After that, we’ve notified the city that we intend to file a lawsuit to compel the records’ disclosure. Cory Briggs, a local attorney, is serving as our counsel.
I’ve worked throughout the spring with Darren Pudgil, the mayor’s spokesman, to narrow the scope of my request, originally filed March 27. I wanted to know what went into the misrepresentations that city officials made about the mayor’s water-cuts strategy.
In turn, Pudgil delayed the release of records and refused to tell us when they’d be ready, even though he’s required to do that by law. He instead made vague promises and only produced them after we told him we’d start writing about the city’s refusal to disclose them.
When we got the records earlier this month, the city withheld 48 percent of the emails I requested, citing exemptions created by a 1991 legal case.
But the foundation of that case is shaky.
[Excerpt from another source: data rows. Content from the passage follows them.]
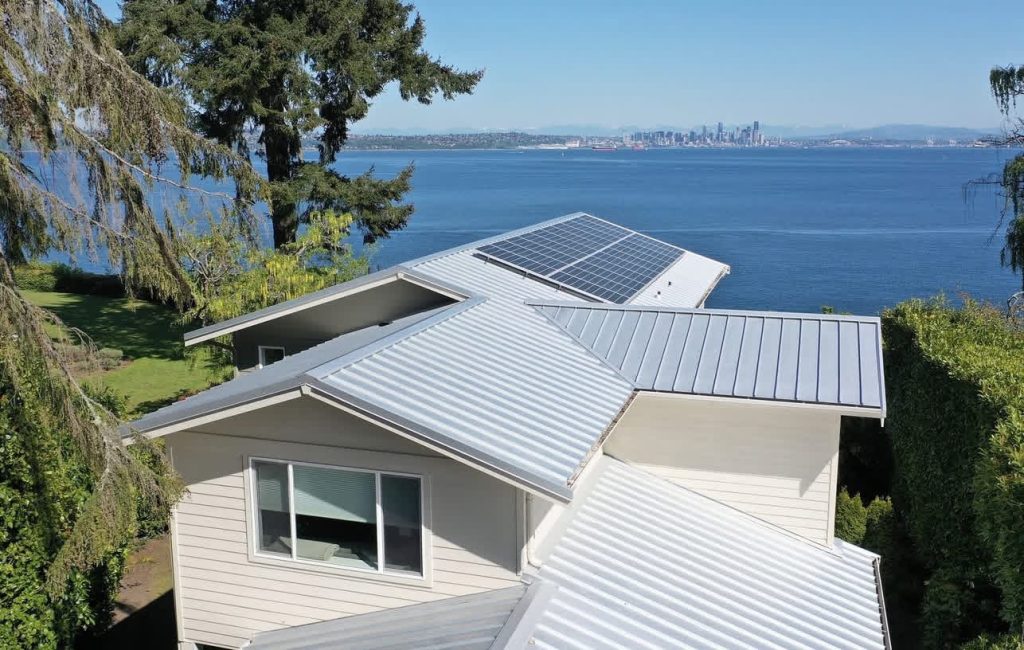 White Nu-Ray Series 2000 standing seam metal roof with solar panels on a waterfront home in Bainbridge Island, WA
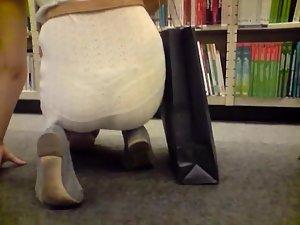 Thong peeking out in the library Picture 8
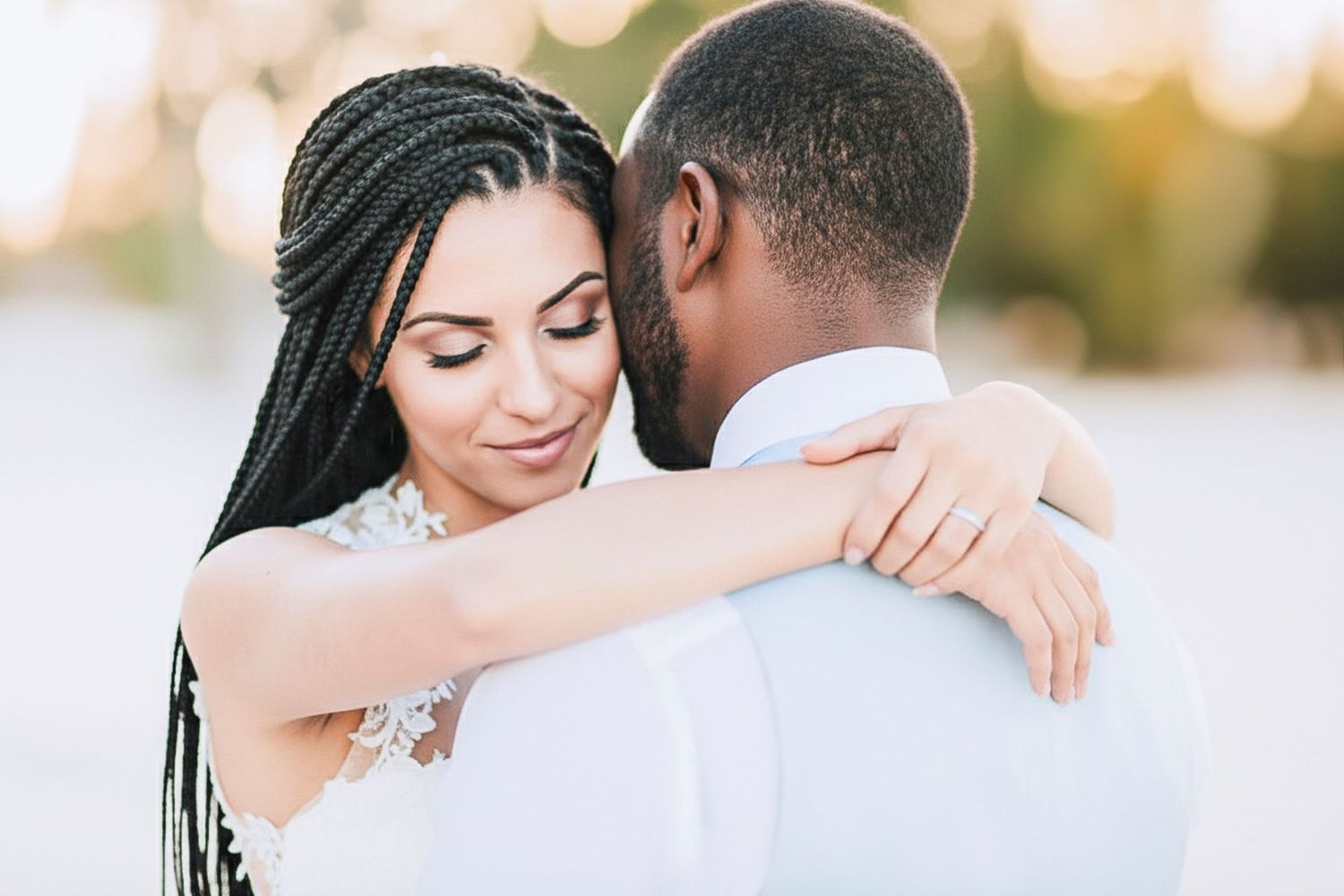 Romantic couple embraces during outdoor photoshoot with soft golden sunset lighting in the background.
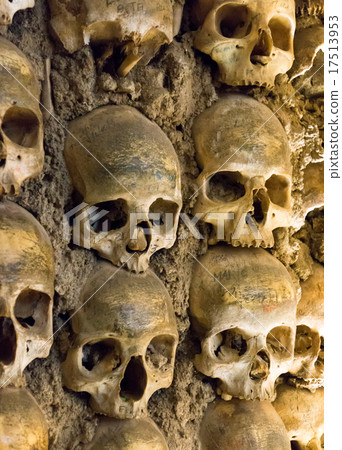 Wall full of skulls and bones 17513953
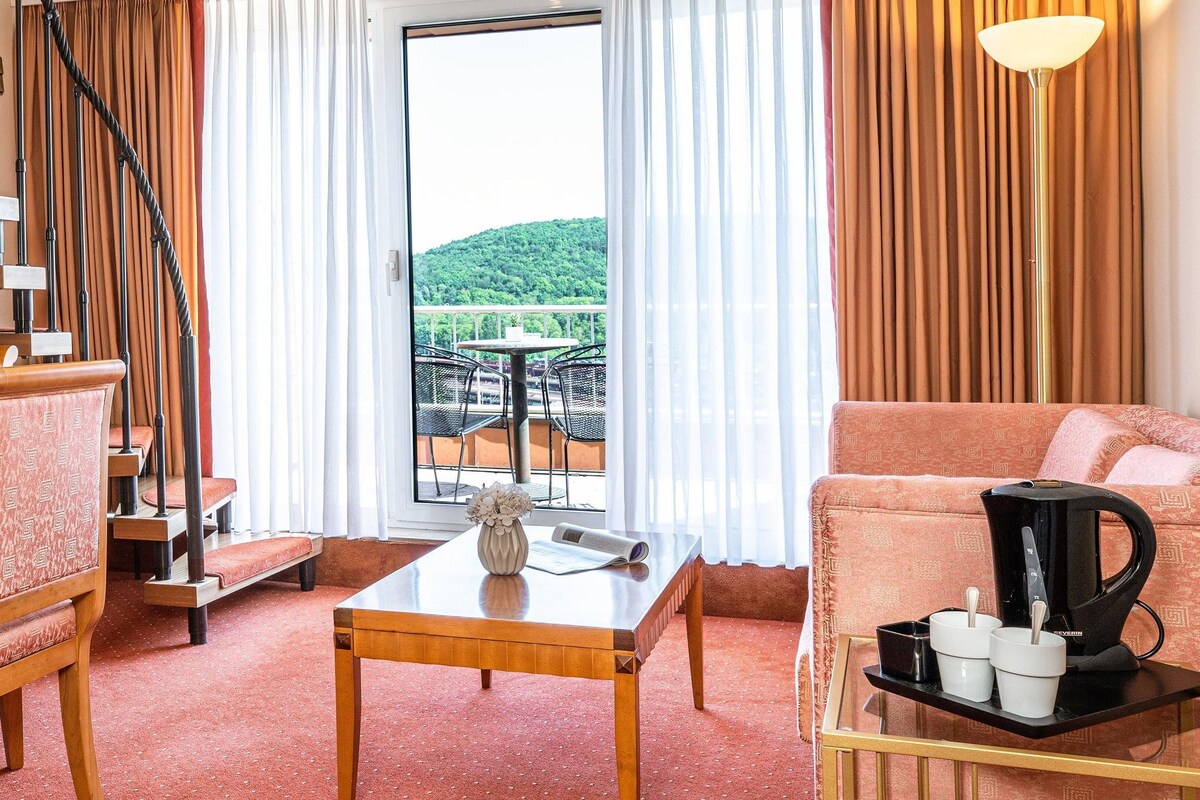 Habitación de hotel con una escalera de madera, un área de comedor con mesa y sillas, un sofá, cafetera y vistas a un balcón con mobiliario exterior.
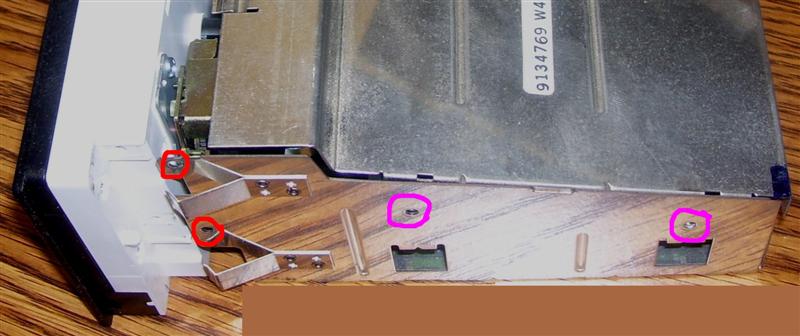 Screw locations to remove cover and front panel.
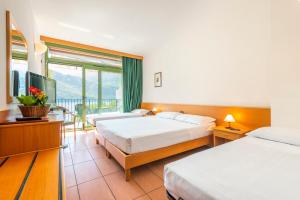 a hotel room with two beds and a balcony at Park Hotel Abbadia in Abbadia Lariana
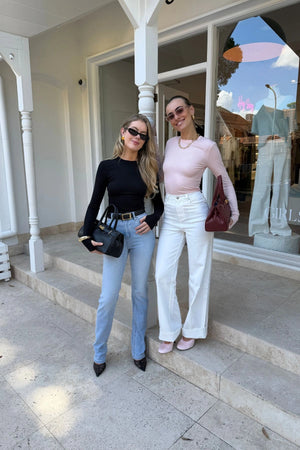 The Polly Long Sleeve top in pink. Woman in a pink top and white pants standing outside a store with plants and a bench in the background.
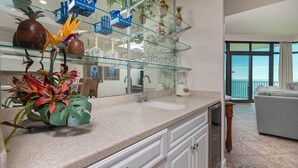 A kitchen with a granite countertop, white cabinetry, a large mirror, and a view of the ocean through large windows.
A legal opinion written by former City Attorney Mike Aguirre concluded that passage of a 2004 statewide open-government ballot proposition left the 1991 case “of dubious authority.”
I asked City Attorney Jan Goldsmith yesterday whether he stood by Aguirre’s legal opinion. He said he did. He told me: “[I]ts legal analysis is sound. There has been no change in interpretation.”
So at the same time Goldsmith stood behind the opinion, which concluded the 1991 legal case is of “dubious authority,” his attorneys are citing it to me as the main reason for keeping those 692 e-mails from being disclosed.
I’ve called or text-messaged Pudgil every day since Pudgil Watch officially started June 22. He hasn’t returned any calls or messages. Sanders has stood by the decision to keep the records secret.